Supplied material:
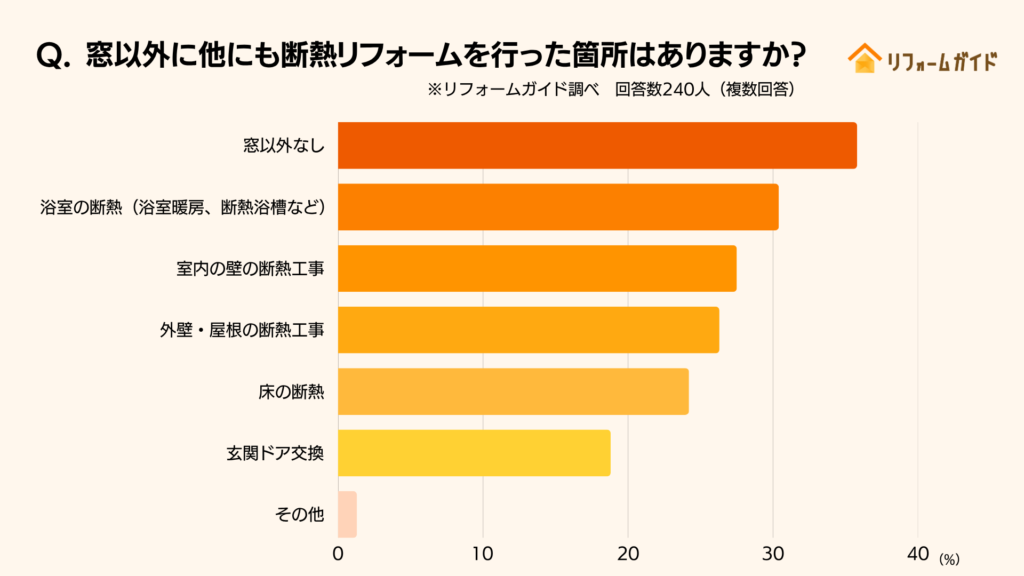 窓以外にほかにもリフォームを行った箇所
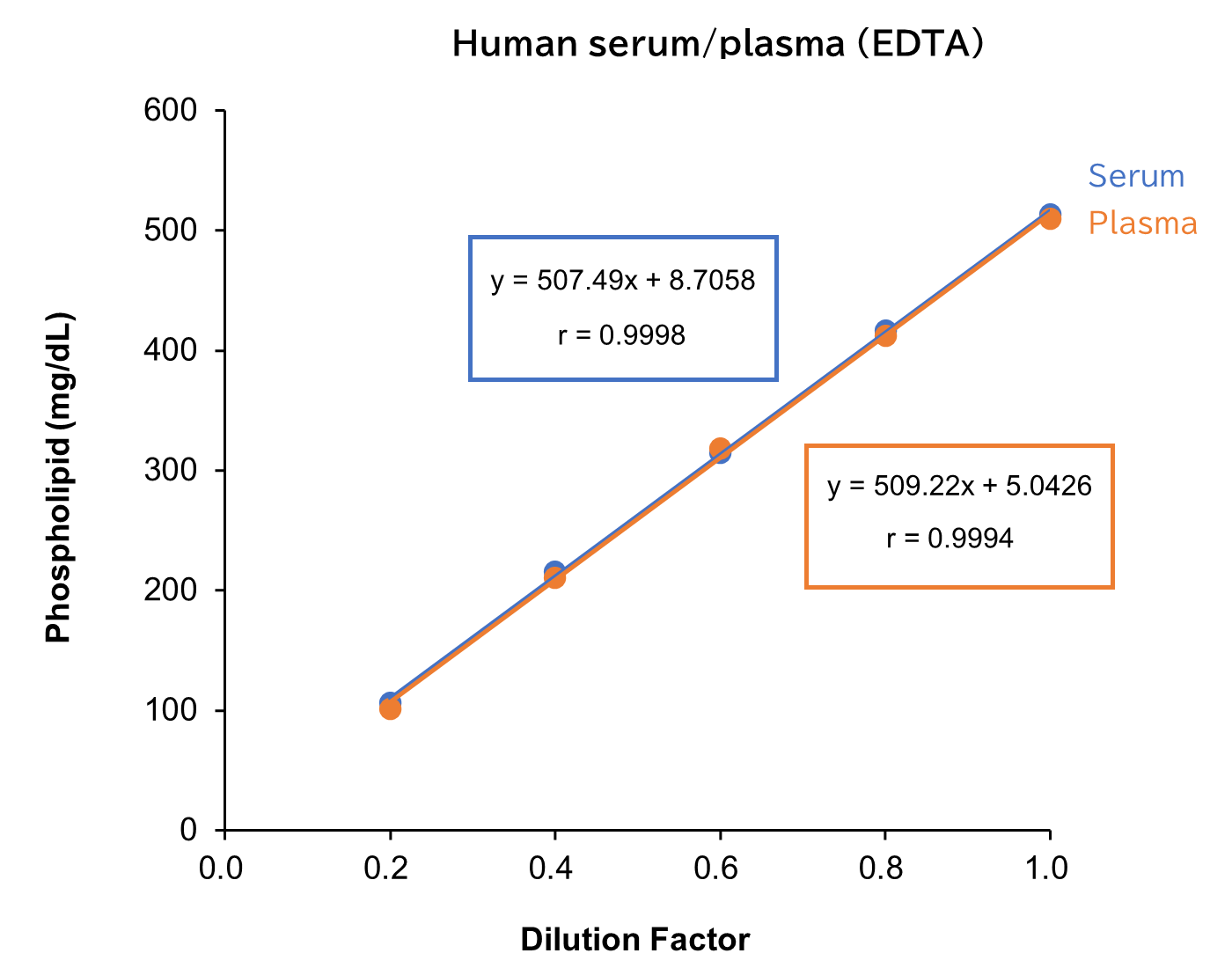 human serum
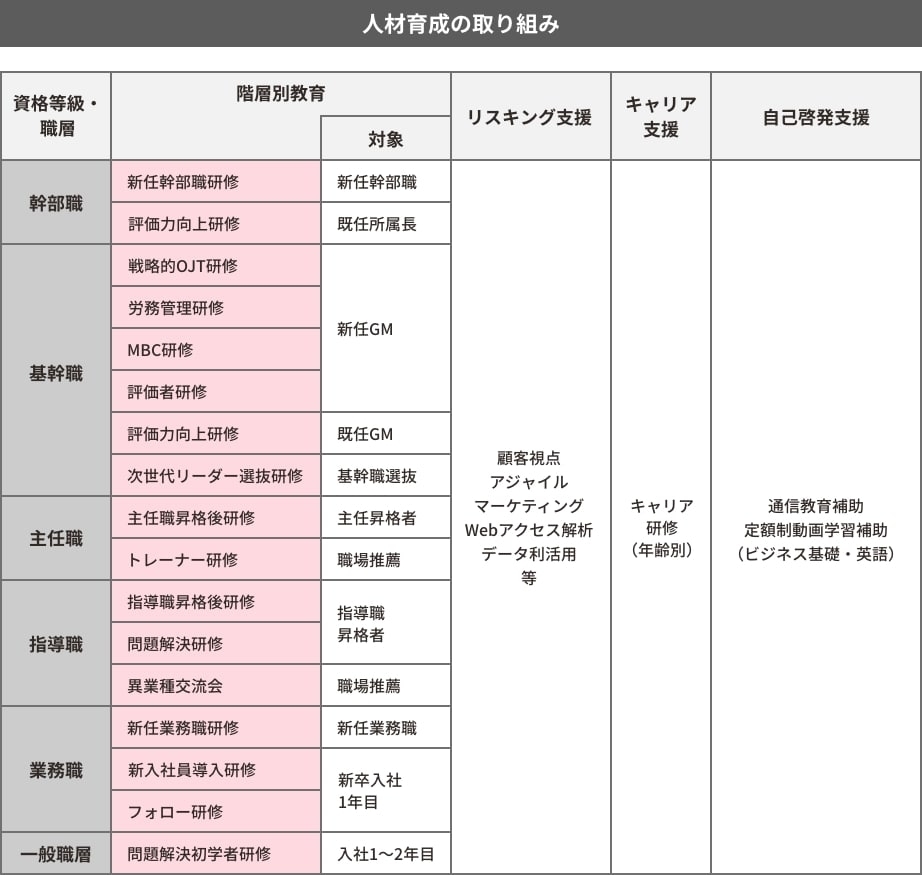 人材育成の取り組み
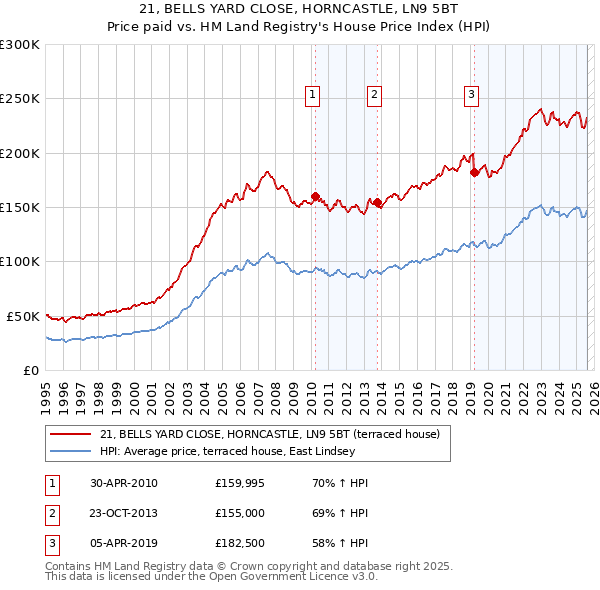 21, BELLS YARD CLOSE, HORNCASTLE, LN9 5BT: Price paid vs HM Land Registry's House Price Index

Exercise details: Strip out the pictures and quote the remaining data word for word.

Result of the task:
 窓以外にほかにもリフォームを行った箇所
 human serum
 人材育成の取り組み
 21, BELLS YARD CLOSE, HORNCASTLE, LN9 5BT: Price paid vs HM Land Registry's House Price Index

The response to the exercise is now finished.